具体的には、建設現場に常設している固定カメラの映像を、画像AIを活用した同社独自システムで解析し、作業に関わる技能者の人数と作業時間を把握する。

 解析は分単位に行え、指定した作業エリア内の技能者の延べ作業時間を正確に計測できる。作業時間を指定し、工事出来高と連携させることで、正確な「歩掛かり」を自動的に算出する。

 現在、建設業界では、技能者の人手不足や高齢化が深刻化し、また、2024年4月に適用される時間外労働時間の規制も背景として、建設現場の生産性の向上が急務となっている。

 生産性の向上のためには、一つひとつの作業にかかる「歩掛かり」を正確に把握することが重要となる。
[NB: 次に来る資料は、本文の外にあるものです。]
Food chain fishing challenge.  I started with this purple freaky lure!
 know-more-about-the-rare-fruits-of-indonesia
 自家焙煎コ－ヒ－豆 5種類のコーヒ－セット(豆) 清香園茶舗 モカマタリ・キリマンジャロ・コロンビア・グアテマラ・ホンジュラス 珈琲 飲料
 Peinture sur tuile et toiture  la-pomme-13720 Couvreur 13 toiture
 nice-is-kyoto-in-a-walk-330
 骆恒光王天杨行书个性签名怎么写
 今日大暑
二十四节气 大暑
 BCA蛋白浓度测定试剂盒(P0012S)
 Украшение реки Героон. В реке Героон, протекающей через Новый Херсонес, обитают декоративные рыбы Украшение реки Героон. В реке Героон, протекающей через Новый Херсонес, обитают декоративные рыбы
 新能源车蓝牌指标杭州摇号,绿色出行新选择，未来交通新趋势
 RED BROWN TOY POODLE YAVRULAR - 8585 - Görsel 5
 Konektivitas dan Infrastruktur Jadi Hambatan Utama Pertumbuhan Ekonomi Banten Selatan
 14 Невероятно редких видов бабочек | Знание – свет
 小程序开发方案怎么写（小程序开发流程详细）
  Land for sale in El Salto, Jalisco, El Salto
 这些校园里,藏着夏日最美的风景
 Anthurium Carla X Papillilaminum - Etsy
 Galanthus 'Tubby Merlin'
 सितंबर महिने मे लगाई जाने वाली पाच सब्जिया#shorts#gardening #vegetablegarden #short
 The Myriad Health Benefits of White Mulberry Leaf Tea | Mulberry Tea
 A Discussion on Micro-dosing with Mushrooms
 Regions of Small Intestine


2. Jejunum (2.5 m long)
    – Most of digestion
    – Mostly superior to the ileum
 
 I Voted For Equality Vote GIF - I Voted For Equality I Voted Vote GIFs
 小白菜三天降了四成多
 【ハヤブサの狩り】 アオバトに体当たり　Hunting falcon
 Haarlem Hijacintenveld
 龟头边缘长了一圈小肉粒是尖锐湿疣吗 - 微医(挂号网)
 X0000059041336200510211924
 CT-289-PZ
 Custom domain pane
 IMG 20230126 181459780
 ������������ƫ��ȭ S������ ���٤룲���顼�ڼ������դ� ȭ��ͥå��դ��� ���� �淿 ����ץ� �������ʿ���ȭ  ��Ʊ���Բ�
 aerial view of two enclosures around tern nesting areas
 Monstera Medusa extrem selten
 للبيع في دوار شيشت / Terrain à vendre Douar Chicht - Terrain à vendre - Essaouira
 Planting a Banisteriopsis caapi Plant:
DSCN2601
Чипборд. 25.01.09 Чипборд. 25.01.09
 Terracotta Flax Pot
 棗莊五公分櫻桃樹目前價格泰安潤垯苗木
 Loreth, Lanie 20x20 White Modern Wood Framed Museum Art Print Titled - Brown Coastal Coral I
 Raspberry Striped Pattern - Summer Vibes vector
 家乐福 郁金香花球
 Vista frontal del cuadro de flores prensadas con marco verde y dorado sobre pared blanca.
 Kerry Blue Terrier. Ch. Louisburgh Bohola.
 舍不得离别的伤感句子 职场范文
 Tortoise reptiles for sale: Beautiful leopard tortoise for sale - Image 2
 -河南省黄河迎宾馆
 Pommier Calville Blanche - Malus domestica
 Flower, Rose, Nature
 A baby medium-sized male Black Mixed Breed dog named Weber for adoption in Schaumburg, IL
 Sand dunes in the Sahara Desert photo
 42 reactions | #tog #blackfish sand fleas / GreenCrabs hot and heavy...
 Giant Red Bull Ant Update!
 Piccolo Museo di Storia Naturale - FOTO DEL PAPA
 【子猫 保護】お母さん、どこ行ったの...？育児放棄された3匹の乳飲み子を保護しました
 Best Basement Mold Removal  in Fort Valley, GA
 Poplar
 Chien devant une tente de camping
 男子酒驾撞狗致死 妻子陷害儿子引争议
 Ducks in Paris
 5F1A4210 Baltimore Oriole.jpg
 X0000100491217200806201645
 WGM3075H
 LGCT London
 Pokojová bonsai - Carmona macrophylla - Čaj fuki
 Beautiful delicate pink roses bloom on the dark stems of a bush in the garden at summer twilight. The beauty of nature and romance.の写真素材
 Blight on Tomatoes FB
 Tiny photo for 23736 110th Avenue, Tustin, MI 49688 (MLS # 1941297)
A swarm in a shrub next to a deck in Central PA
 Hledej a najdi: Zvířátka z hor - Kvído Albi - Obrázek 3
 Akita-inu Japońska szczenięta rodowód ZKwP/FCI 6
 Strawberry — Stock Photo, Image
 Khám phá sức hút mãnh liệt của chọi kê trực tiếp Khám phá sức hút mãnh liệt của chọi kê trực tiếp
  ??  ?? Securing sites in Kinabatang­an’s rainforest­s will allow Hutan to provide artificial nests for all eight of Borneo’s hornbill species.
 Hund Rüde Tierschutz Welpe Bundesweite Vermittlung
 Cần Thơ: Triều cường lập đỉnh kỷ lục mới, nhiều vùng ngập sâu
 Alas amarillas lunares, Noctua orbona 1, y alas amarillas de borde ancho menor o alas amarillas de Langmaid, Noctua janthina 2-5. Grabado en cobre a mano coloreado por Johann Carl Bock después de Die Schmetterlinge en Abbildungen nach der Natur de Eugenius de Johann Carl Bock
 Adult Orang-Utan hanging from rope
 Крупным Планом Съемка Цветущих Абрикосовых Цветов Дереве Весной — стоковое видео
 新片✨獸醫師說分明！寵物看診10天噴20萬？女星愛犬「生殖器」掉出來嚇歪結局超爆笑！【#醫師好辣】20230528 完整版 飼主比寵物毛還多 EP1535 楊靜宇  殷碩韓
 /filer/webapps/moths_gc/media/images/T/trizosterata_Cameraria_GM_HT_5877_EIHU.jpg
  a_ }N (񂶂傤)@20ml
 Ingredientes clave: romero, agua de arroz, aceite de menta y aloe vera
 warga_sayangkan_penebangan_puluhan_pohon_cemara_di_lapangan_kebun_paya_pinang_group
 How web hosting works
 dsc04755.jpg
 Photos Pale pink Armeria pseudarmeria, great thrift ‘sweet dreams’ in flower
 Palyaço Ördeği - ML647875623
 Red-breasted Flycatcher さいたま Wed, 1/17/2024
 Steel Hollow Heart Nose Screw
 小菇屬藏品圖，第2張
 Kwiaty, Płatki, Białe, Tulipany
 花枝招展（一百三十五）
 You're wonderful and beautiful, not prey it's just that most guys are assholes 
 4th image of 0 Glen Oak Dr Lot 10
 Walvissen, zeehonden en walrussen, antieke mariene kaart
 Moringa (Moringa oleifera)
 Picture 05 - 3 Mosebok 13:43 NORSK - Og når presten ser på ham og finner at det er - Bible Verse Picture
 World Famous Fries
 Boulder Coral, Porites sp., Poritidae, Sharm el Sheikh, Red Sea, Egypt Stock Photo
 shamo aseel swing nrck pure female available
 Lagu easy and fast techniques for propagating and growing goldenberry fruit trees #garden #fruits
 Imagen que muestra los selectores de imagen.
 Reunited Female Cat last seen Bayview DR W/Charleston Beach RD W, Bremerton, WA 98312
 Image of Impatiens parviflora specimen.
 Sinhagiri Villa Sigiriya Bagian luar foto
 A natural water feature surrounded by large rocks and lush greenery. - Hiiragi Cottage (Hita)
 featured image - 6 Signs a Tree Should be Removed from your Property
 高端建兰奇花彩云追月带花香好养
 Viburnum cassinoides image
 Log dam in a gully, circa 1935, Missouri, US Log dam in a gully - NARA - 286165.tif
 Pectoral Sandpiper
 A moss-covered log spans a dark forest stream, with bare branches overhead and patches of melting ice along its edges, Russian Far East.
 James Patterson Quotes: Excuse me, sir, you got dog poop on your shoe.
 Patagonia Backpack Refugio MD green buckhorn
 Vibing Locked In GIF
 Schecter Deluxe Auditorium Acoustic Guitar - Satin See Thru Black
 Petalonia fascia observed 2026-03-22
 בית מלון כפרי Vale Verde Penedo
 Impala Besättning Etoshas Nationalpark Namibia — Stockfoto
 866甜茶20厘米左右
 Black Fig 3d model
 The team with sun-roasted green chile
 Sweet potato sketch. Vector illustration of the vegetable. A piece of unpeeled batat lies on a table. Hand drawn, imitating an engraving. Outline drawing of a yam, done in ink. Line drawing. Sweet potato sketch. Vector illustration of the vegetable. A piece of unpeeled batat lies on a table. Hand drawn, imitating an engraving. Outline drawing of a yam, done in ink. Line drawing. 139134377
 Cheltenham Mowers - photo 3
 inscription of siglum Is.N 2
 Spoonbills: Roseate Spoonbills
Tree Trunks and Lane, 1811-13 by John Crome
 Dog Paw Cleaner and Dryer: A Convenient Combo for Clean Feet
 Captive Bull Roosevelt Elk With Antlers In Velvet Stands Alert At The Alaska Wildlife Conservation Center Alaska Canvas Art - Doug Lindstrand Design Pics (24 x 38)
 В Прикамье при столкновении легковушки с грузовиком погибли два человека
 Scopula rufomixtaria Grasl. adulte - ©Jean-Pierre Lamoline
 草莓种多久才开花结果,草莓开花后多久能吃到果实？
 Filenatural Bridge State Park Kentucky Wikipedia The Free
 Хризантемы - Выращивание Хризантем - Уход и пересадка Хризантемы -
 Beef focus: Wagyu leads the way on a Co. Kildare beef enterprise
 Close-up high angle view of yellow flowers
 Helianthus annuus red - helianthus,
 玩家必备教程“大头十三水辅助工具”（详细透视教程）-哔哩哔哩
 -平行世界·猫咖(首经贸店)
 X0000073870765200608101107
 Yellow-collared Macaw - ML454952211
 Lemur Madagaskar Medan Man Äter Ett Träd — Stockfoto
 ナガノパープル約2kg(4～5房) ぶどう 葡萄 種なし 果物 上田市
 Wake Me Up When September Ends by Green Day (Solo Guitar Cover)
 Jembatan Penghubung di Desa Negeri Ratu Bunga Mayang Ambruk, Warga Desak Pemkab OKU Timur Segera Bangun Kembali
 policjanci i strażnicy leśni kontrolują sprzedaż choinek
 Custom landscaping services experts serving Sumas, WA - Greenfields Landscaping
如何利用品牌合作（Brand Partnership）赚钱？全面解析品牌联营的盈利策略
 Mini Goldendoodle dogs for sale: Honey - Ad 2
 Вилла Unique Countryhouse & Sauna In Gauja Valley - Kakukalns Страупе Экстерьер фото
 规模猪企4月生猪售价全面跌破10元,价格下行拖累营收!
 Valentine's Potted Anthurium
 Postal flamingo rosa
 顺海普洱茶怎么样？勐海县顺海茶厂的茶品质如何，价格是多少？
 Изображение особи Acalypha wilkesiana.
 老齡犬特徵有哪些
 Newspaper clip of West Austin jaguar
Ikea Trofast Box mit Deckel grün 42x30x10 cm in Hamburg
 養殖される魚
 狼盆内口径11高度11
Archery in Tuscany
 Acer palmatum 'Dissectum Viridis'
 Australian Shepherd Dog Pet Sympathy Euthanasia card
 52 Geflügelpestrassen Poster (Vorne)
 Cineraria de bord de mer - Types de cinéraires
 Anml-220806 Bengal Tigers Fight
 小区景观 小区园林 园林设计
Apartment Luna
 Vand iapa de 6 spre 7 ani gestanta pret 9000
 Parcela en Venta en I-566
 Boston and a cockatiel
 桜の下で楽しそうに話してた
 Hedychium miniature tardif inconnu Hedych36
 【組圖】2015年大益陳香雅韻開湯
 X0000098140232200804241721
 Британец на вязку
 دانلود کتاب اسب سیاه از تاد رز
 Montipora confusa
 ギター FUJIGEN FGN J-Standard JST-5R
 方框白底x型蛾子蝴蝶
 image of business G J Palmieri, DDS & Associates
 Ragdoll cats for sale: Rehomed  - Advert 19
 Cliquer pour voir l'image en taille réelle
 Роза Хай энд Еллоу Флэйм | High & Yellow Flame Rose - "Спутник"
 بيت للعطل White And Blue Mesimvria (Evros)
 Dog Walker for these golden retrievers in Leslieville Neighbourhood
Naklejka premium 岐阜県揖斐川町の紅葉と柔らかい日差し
 ただ、従来の詳細な歩掛かり調査は。複数の調査担当者が作業エリアで、作業ごとの技能者の人数と作業時間を記録する手法を採っていたが、それには膨大な労力や時間を要していた。担当者の負担が大きく、調査対象の現場数にも限界があった。近年の建設現場のICT化の進展でデジタル技術による「現場の見える化」が進むが、歩掛かりについては正確なデータの取得ができていなかった。これらの課題を今回の新システムで解消できる。